**WHAT IS NEEDED**
Retype exactly the span of lines below from the one with "Invitation de gloire" through the one with "MM6 Maison Margiela MM6". Do not include pictures.

**STUDY MATERIAL**
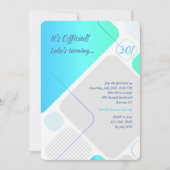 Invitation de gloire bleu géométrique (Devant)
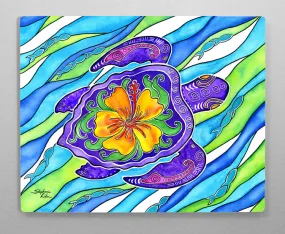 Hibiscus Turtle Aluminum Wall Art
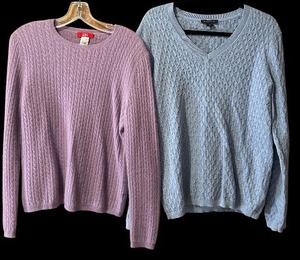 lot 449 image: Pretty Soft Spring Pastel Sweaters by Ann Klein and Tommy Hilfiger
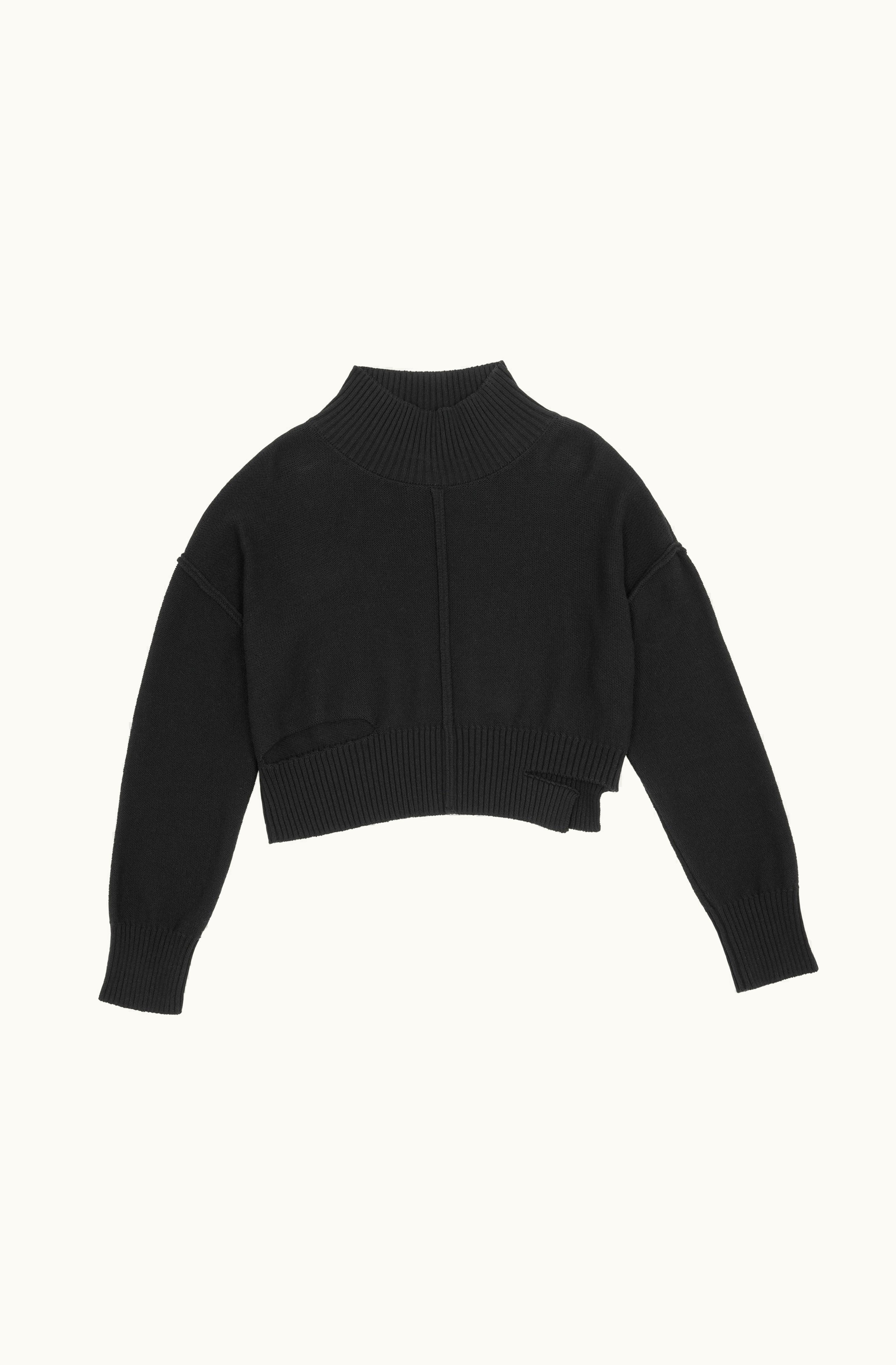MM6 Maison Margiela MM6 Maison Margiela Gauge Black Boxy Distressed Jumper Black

--

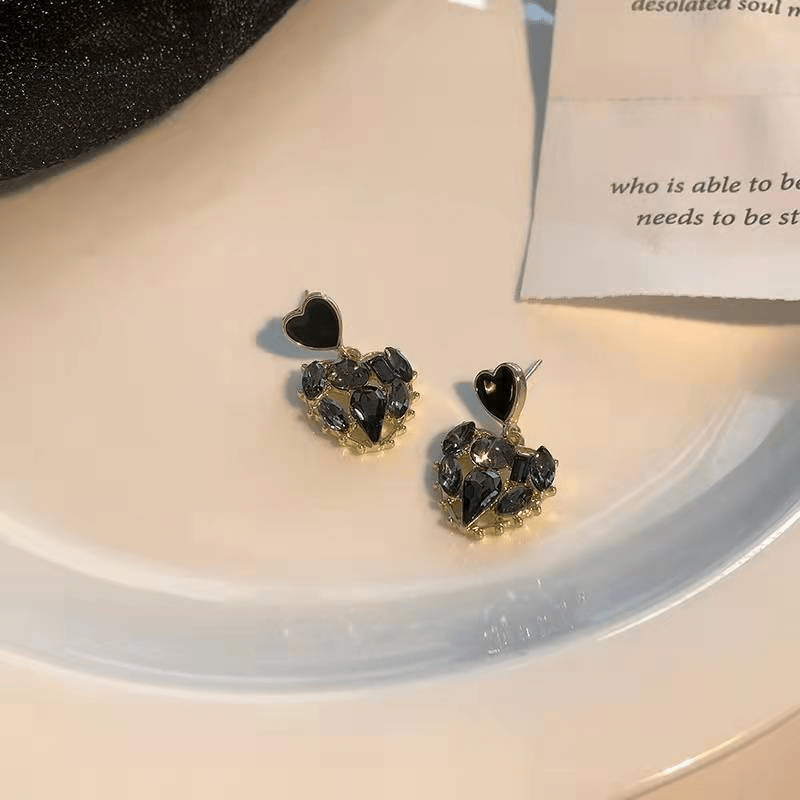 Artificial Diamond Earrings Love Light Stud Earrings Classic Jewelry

**RESPONSE TO THE EXERCISE**
 Invitation de gloire bleu géométrique (Devant)
 Hibiscus Turtle Aluminum Wall Art
 lot 449 image: Pretty Soft Spring Pastel Sweaters by Ann Klein and Tommy Hilfiger
MM6 Maison Margiela MM6 Maison Margiela Gauge Black Boxy Distressed Jumper Black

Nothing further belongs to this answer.